Tapi percuma saja … aku hanya tergeletak lemas diatas kasur. Aku berharap ada seseorang yang mengucapkan selamat ulang tahun pada ku.
Tanpa kusadari, aku tertidur untuk beberapa saat. Aku bermimpi ada seorang perempuan dan laki-laki menunggangi kuda putih yang sangat cantik. Perempuan itu bewajah cantik dan juga cerah. Dan berkata : “Ikut lah dengan ku. Kalau kau ikut dengan ku, Kau tidak akan merasakan sakit lagi”.
Saat ku terbangun dari tidurku, kulihat seorang berpakaian rapih ada didepanku. Ternyata itu Deva.
Terimakasih Tuhan kau telah mengabulkan permintaan ku.
“Selamat ulang tahun Sila ku.”kata Deva sambil membawa kue ulang tahun yang besar.
“Liat ini Sila. apa kau senang ? Aku sudah siap kan kue yang besar, balon dan hiasan yang lain .. Apa kau bisa melihatnya ?”Lanjut Deva.
“makasih Deva ….”jawabku pelan.
“Lihat ini… aku juga punya hadiah untukmu….”Kata Deva.
“Apa ini?”
“buka saja …”
“sepatu?”Tanya ku.
“Aku pasangkan ya ….”kata Deva.
“Lucu kan … Kau dan aku memakai sepatu yang sama …. ” Kata Deva sedikit senyum.
“Ya …. Kau dan aku memakai sepatu yang sama tetapi kita sama-sama tidak menggunakan sepatu ini. Kau hanya duduk di kursi roda dengan memakai sepatu dan aku hanya terbaring di atas kasur dengan memakai sepatu. Apa kita sekumpulan orang yang tidak berguna?”. Tanya ku.
“Apa kau masih bisa berjalan?”Tanya Deva.
“Aku tidak tau. Tapi sepertinya aku masih bisa berjalan.”jawabku.
“Pegang tangan ku … Kita akan bersama-sama berjalan keluar. Akan ku tunjukan Sesuatu padamu.”kata Deva.
                   Dengan perlahan ku angkat tubuhku. Ku usahakan berjalan. Akan ku lakukan yang ku bisa untuk hari terakhir ku ini. Ketika sampai diluar rumah.
“Duduklah … sebentar lagi juga tau kejutannya. Kau hitung ya …. 1….2…3…”kata Deva.
DOOR….DOOR…. DOOR…
“Wah … Deva ..kembang api ya … Ini pertama kali aku melihat kembang api .. Makasih banyak Deva.”Kata ku.
“Kau suka ?”Tanya Deva.
“Ya.. Tapi…”jawabku.
“kenapa? Kau tidak suka?”Tanya Deva..
“Bukan begitu. Tapi semahal, sebagus apapun hadiah itu, kau lah hadiah yang paling aku suka.
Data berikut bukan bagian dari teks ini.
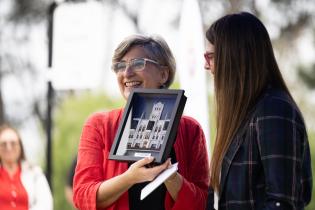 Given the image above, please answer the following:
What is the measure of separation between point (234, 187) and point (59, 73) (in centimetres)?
525

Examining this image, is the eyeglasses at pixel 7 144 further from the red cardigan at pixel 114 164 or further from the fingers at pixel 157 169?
the fingers at pixel 157 169

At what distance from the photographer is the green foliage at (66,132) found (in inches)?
731

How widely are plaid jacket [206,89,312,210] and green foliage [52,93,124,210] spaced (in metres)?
15.7

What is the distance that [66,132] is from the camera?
1900 cm

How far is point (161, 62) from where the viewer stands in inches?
124

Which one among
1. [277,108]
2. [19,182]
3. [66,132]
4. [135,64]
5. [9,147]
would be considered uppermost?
[135,64]

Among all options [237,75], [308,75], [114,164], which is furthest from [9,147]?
[308,75]

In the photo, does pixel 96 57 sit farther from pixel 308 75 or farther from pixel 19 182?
pixel 19 182

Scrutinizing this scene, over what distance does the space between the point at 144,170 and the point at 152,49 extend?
2.10ft

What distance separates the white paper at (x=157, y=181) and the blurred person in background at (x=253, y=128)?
147 millimetres

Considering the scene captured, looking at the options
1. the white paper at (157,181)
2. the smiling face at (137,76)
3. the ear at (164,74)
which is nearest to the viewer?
the white paper at (157,181)

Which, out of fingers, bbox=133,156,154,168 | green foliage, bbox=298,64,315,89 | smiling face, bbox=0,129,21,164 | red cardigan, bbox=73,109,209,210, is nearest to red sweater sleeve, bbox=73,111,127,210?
red cardigan, bbox=73,109,209,210

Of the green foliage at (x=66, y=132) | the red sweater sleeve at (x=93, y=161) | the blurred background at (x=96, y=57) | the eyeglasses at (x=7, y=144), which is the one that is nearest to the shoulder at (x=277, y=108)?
the red sweater sleeve at (x=93, y=161)

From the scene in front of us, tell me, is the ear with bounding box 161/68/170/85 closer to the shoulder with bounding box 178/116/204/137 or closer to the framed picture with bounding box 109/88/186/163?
the shoulder with bounding box 178/116/204/137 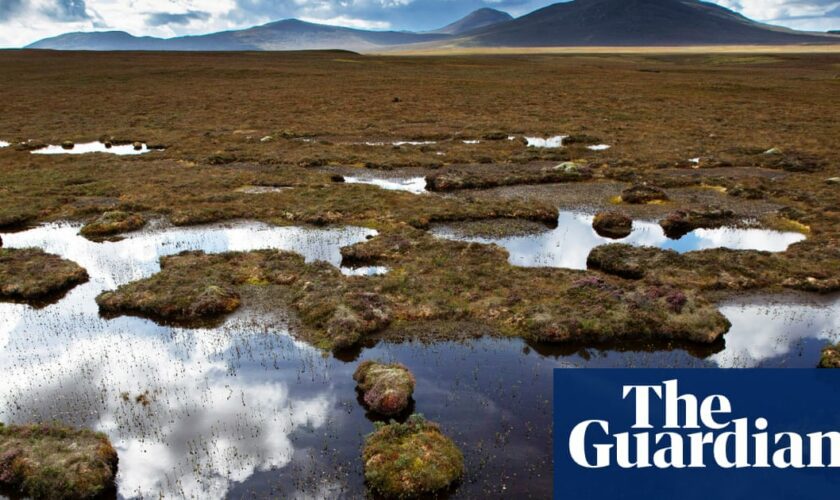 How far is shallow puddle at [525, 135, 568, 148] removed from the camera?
63375 millimetres

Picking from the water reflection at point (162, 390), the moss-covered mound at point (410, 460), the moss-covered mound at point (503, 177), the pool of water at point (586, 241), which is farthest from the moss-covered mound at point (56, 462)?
the moss-covered mound at point (503, 177)

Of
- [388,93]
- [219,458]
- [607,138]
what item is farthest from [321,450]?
[388,93]

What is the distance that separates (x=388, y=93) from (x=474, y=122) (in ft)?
132

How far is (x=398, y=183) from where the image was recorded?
159 feet

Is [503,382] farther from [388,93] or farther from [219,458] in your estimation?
[388,93]

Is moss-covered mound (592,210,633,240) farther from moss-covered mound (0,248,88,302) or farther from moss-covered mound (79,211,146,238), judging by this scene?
moss-covered mound (79,211,146,238)

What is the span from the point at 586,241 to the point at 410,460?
22.0 metres

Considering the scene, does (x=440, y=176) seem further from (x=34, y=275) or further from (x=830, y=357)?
(x=830, y=357)

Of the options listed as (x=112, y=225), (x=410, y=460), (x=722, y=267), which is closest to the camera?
(x=410, y=460)

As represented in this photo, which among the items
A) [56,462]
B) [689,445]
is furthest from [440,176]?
[689,445]

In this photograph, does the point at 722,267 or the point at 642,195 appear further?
the point at 642,195

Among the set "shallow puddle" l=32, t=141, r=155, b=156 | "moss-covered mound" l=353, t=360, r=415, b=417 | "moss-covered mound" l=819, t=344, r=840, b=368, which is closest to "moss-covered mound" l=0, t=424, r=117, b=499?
"moss-covered mound" l=353, t=360, r=415, b=417

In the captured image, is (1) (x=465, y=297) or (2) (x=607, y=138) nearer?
(1) (x=465, y=297)

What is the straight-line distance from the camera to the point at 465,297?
25.6 m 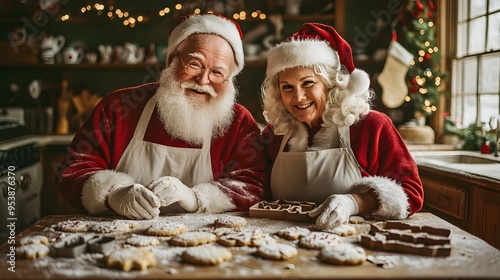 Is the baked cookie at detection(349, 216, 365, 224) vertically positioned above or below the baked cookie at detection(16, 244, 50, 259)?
above

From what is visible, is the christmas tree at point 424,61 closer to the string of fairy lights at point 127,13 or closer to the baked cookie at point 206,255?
the string of fairy lights at point 127,13

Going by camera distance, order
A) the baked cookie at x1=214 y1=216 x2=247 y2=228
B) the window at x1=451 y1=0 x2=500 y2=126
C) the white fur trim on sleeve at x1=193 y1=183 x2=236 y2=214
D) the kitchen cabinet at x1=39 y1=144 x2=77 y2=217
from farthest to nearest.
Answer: the kitchen cabinet at x1=39 y1=144 x2=77 y2=217, the window at x1=451 y1=0 x2=500 y2=126, the white fur trim on sleeve at x1=193 y1=183 x2=236 y2=214, the baked cookie at x1=214 y1=216 x2=247 y2=228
Makasih Deva … Kau telah menjadi teman ku …. Aku bahagia bersamamu … Aku tidak akan pernah melupakan mu … meskipun hanya sebentar ku hidup, tapi menghabiskan waktu bersamamu merasa hidupku lebih lama. Sekarang kau tidak perlu menghawatirkan ku lagi… karena aku akan merasa tenang disana nanti … aku akan meminta kepada Tuhan agar kau mendapat pengganti yang lebih baik dari pada aku ..”Jawabku sambil tersenyum.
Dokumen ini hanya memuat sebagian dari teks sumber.